Attorney General Jeff Sessions has set his sights on a new target: sanctuary cities and counties. In a guest appearance at Monday's White House press briefing, Sessions announced that the Justice Department will begin cracking down on state and local governments that do not help the administration identify and deport undocumented immigrants. Painting a picture of violence perpetrated by "aliens," Sessions announced that the department will punish sanctuary jurisdictions by withholding federal grants.
"Today, I'm urging states and local jurisdictions to comply with these federal laws," he said. "The Department of Justice will require that jurisdictions seeking or applying for Department of Justice grants certify compliance with [US Code] 1373 as a condition for receiving those awards." Sessions' announcement comes as several mayors have expressed an unwillingness to use local police forces to help detain and deport undocumented immigrants. According to Sessions, the Justice Department issues more than $4 billion in grants each year that would be subject to the new restrictions.

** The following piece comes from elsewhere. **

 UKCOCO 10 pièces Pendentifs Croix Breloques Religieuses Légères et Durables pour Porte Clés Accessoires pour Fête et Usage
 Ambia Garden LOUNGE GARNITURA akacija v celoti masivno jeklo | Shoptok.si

Sessions announcement is in keeping with an executive order President Donald Trump signed in January mandating the withholding of federal funds from sanctuary jurisdictions. Sessions added that the department would seek to "claw back" grants to localities that later appear to willfully violate the law. The statute Sessions referred to, 8 US Code 1373, prohibits government officials from restricting communications between a government agency and immigration enforcement about the immigration status of any individual. But the language in the statute is vague, and it's unclear if the federal government can force local law enforcement to engage in immigration enforcement, a situation that will likely lead to court challenges to Trump's executive order and Sessions' new policy.
In his remarks, Sessions depicted undocumented immigrants as a violent scourge—raping, murdering, and sexually abusing children. "Countless Americans would be alive today and countless loved ones would not be grieving today if these policies of sanctuary cities were ended," he said. That characterization is in line with the president's critical language about immigrants, and last week, at Trump's direction, Immigration and Customs Enforcement published its first weekly list of the crimes committed by undocumented immigrants in sanctuary cities. But the depiction is misleading, since immigrants are less likely than native-born citizens to commit crimes.

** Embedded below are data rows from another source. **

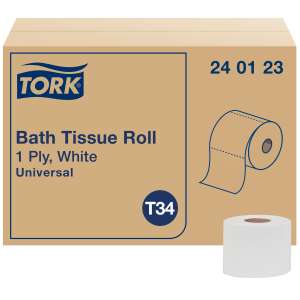 Tork, T34 Universal, 1 ply, 3.75in Bath Tissue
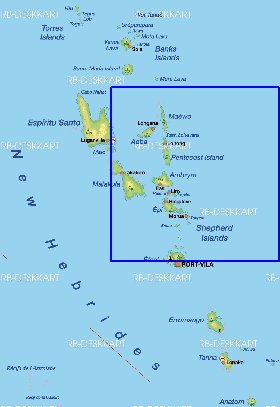 mapa de Vanuatu em alemao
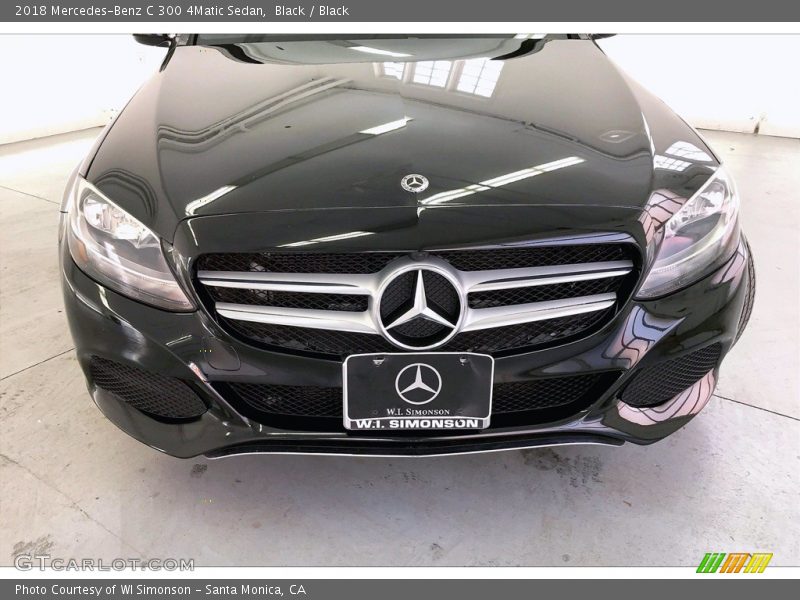 Black / Black 2018 Mercedes-Benz C 300 4Matic Sedan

Sessions' remarks also ignore the academic literature showing that sanctuary cities improve public safety by increasing trust and communication between immigrant communities and law enforcement. As three researchers noted in a Los Angeles Times op-ed recently, "Sanctuary jurisdictions—39 cities and 364 counties across the country have policies that limit local law enforcement's involvement in enforcing federal immigration laws—increase public safety." They noted a study published last year by the University of Chicago Press in which a majority of 750 police chiefs and sheriffs across the country expressed opposition to using local law enforcement to enforce immigration laws. Other studies have also found lower crime rates in sanctuary jurisdictions.
One thing that is likely to hurt public safety, however, is withholding federal grants that help fund law enforcement.